De pronto un hombre con un abrigo de cuero negro salio a la carrera de un callejon, en la mano una pistola Luger. Todos se agacharon, en el parabrisas se abrio un agujero y una segunda bala se incrusto en el panel de la puerta trasera. El chaval de la chaqueta de lana chillo: «?Sal de aqui a toda leche!», y el conductor hundio el pie en el acelerador. El de la pistola, que se habia situado delante del taxi, trato de hacerse a un lado, resbalo y se cayo. Se oyo un crujido bajo las ruedas, acompanado de un rabioso chillido. El taxi rozo una pared y, con el conductor pegando volantazos como un loco, doblaron una esquina, viraron bruscamente y enfilaron una calle.

Justo antes de girar Weisz vio al tipo de la pistola, a todas luces dolorido, intentando alejarse a rastras.

– Creo que le hemos pillado un pie.

– Se lo merece -aseguro Hamilton. Y luego, a los muchachos del suelo, en aleman-: ?Quienes sois? -Pregunta de reportero, Weisz se lo noto en la voz.

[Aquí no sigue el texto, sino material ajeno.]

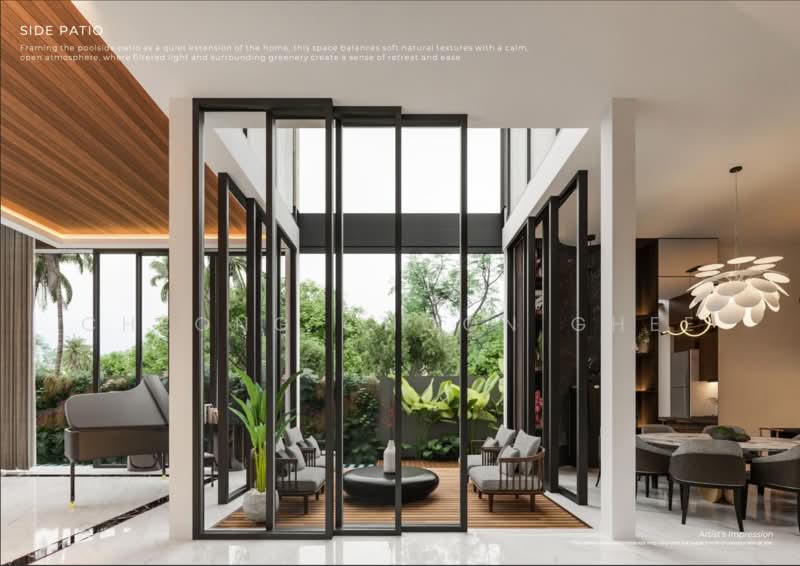 Brand New D10 Detached House with 7 Ensuite Rooms Plus 2 Living Rooms, Duchess Avenue, 6 Bedrooms, 9,346 sqft, Detached House For Sale, by Cheong Choon Ghee, 500235389 - Garden - PropertyGuru.com.sg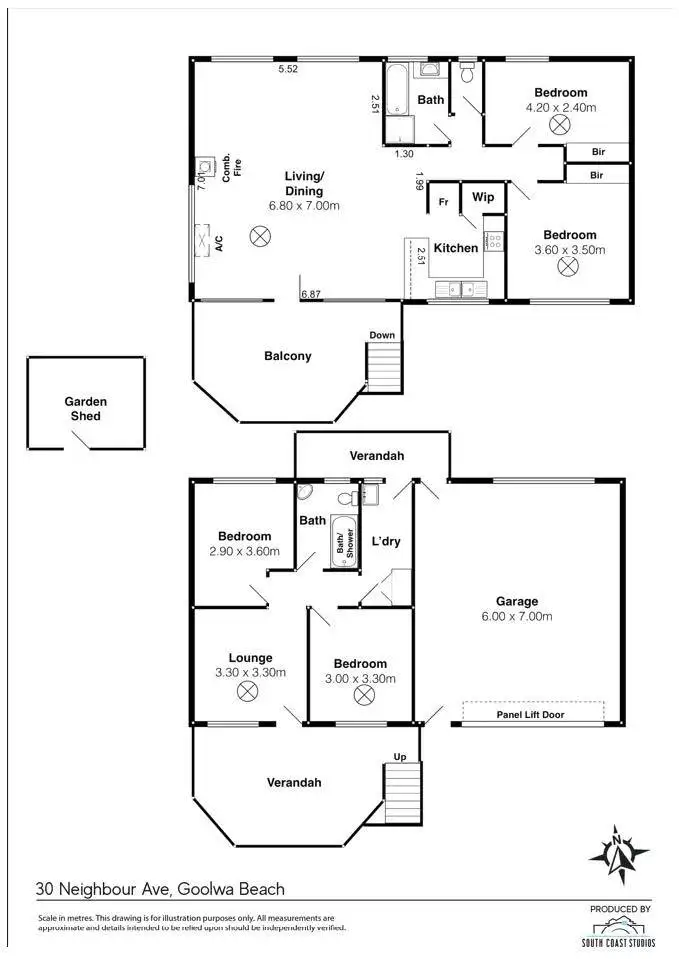 Floorplan of Homely house listing, 30 Neighbour Avenue, Goolwa Beach SA 5214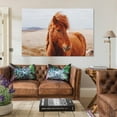thumbnail image 3 of Wild Icelandic Brown Horse Canvas Art Poster And Wall Art Picture Print Modern Family Bedroom Decor Posters,Unframe-style,08x12inch(20x30cm), 3 of 8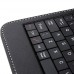Black Leather Stand Case Micro USB Keyboard for 7.0 Inch Tablet PC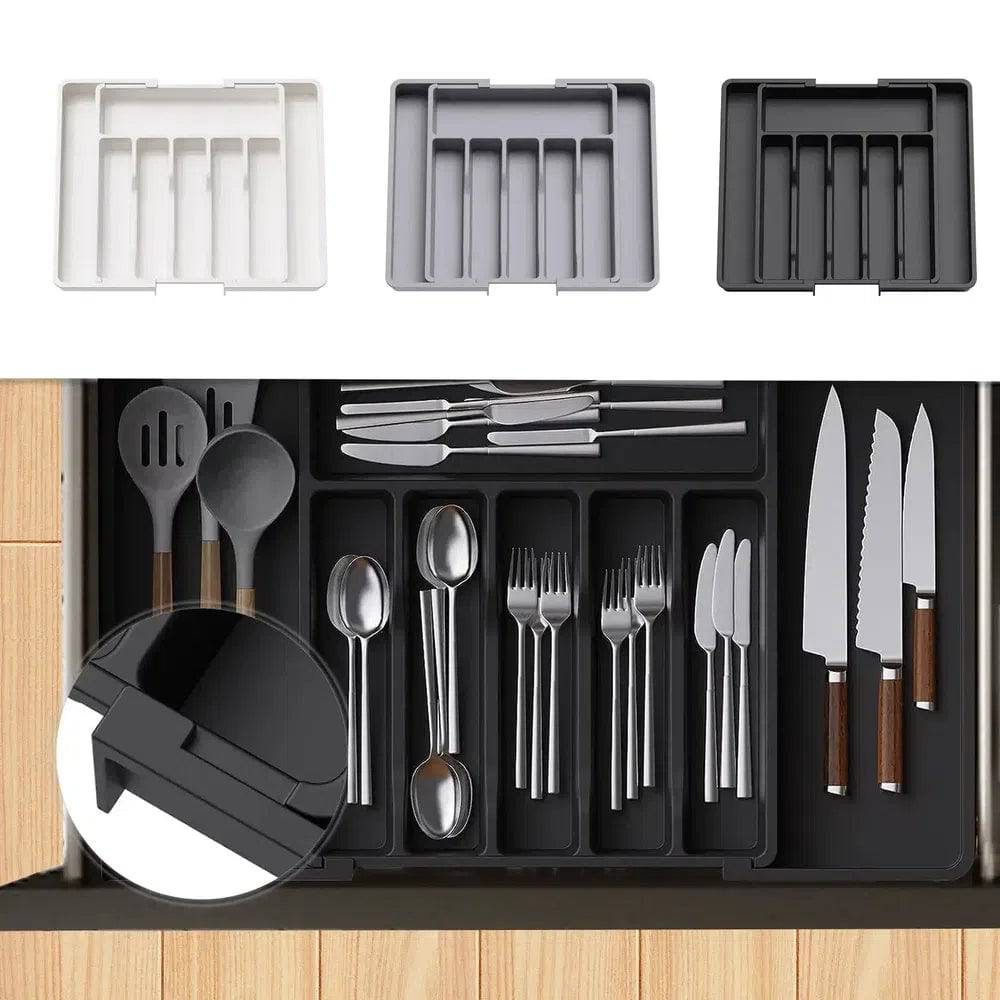 Versatile Expandable Silverware Organiser | Kitchen | Luvasmr - Satisfyingly Organised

– Eso da igual -contesto el de la chaqueta de lana, que ahora estaba apoyado en la puerta-. Les hemos quitado la puta bandera.

– ?Sois estudiantes?

Ambos se miraron y, por ultimo, el de la chaqueta de lana respondio:

– Si. Lo eramos.

– Merde -dijo Simard ligeramente irritado, como si hubiera perdido un boton. Se subio con cautela la vuelta de la pernera y dejo al descubierto una herida roja, la sangre corriendole por la espinilla y metiendosele en el calcetin-. Me han dado -anuncio con incredulidad. Saco un panuelo del bolsillo superior de la chaqueta y se puso a darle toquecitos a la herida.

– No hagas eso -aconsejo Hamilton-. Taponala.

– No me digas lo que tengo que hacer -espeto Simard-. Ya me han disparado antes.

– Y a mi tambien -aseguro Hamilton.

– Ejerce presion -tercio Weisz-. Para que deje de sangrar. -Encontro su panuelo, lo agarro por los extremos y lo retorcio para hacer un torniquete.

– Ya lo hago yo -dijo Simard, cogiendo el panuelo. Tenia el rostro muy palido, y Weisz penso que tal vez estuviera en estado de shock.

En el asiento delantero, cuando el taxi bajaba a toda velocidad una calle amplia y desierta, el conductor volvio la cabeza para ver que pasaba atras. Empezo a hablar, se callo y se llevo una mano a la frente. Normal que le doliera la cabeza: un agujero de bala en el parabrisas, las puertas aranadas, el maletero abollado y ahora, encima, sangre en la tapiceria. Detras de ellos, a lo lejos, las notas graves y agudas de una sirena.

El estudiante que sostenia la bandera se arrodillo y miro por la ventanilla.

– Sera mejor que escondas el taxi -le aconsejo al taxista.